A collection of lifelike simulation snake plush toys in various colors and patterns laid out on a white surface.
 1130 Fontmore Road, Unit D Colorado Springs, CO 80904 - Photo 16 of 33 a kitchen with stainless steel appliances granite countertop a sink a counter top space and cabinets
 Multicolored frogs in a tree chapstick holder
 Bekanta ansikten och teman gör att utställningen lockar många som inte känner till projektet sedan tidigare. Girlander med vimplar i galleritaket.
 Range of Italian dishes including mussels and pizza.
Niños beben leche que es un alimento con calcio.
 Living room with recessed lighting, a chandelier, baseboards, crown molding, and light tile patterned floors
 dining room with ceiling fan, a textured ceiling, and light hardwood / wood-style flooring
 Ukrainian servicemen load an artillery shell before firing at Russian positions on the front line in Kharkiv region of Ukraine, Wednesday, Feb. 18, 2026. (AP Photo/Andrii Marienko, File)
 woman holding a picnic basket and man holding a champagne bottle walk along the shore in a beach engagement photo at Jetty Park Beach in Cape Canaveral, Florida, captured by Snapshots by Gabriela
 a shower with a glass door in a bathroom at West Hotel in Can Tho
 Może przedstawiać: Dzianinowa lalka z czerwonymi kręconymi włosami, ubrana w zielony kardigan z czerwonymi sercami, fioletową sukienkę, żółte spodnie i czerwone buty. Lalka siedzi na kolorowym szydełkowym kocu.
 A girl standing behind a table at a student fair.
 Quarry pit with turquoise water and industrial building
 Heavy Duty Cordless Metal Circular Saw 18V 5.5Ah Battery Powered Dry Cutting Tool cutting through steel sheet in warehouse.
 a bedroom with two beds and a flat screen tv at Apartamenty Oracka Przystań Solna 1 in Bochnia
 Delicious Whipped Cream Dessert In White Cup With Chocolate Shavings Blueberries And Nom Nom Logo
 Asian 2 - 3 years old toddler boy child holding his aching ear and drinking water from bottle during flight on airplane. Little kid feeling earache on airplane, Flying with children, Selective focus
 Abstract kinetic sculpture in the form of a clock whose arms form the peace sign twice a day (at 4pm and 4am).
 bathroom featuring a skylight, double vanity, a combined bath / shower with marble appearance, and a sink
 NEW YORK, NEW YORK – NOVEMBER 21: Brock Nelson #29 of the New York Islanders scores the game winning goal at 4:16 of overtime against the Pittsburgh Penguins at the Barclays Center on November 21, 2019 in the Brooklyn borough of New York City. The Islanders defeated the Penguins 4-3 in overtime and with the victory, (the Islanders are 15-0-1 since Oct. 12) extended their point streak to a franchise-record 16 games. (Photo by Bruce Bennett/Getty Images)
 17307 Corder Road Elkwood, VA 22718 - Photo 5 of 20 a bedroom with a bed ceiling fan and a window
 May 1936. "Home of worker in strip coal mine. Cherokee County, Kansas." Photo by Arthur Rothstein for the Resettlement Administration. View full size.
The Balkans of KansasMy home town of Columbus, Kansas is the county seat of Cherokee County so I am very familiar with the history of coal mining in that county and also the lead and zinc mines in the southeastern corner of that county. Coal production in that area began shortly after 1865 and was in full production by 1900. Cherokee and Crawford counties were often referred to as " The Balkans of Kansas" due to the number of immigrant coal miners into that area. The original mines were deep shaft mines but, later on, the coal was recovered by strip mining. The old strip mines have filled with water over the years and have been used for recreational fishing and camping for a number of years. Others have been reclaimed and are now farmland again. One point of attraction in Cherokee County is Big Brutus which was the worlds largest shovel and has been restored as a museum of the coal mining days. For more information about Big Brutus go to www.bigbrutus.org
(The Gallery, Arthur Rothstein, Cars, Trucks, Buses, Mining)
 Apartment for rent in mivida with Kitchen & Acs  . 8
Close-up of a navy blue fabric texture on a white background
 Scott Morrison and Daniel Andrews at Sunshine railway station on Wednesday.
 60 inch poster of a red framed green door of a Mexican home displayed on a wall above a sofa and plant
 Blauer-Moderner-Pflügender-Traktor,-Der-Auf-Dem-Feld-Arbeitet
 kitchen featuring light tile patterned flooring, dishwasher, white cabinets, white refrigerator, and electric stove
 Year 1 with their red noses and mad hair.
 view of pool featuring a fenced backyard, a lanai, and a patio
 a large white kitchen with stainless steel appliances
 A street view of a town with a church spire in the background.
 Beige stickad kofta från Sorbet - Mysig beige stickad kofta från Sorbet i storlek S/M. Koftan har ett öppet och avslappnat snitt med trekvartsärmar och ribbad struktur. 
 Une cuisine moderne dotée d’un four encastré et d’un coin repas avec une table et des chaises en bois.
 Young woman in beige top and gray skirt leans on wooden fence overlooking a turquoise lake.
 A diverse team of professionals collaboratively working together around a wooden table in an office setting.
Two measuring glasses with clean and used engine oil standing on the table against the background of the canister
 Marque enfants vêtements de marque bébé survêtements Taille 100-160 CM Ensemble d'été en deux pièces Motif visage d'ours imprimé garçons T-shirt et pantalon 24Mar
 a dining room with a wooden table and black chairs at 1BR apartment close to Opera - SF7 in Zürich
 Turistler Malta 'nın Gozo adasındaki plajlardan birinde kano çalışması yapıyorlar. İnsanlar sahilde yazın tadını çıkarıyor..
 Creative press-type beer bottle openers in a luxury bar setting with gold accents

**The problem:**
Starting at the line above that contains "A diverse team", write out each line exactly until the line that contains "a dining room" has been written, and stop there.

**Solution to this exercise:**
 A diverse team of professionals collaboratively working together around a wooden table in an office setting.
Two measuring glasses with clean and used engine oil standing on the table against the background of the canister
 Marque enfants vêtements de marque bébé survêtements Taille 100-160 CM Ensemble d'été en deux pièces Motif visage d'ours imprimé garçons T-shirt et pantalon 24Mar
 a dining room with a wooden table and black chairs at 1BR apartment close to Opera - SF7 in Zürich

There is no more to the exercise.